STORED DATA -
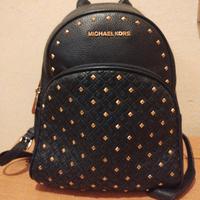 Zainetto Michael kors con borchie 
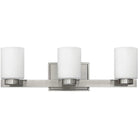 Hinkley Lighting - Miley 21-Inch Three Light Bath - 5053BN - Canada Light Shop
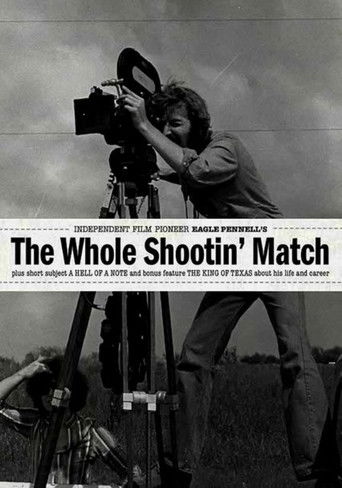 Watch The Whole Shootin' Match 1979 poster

EXERCISE BRIEF -
Please reproduce verbatim the lines from the line with "Hinkley Lighting - Miley" through the final line of the listing, inclusive of both ends. Omit all pictures.

ANSWER SPACE -
 Hinkley Lighting - Miley 21-Inch Three Light Bath - 5053BN - Canada Light Shop
 Watch The Whole Shootin' Match 1979 poster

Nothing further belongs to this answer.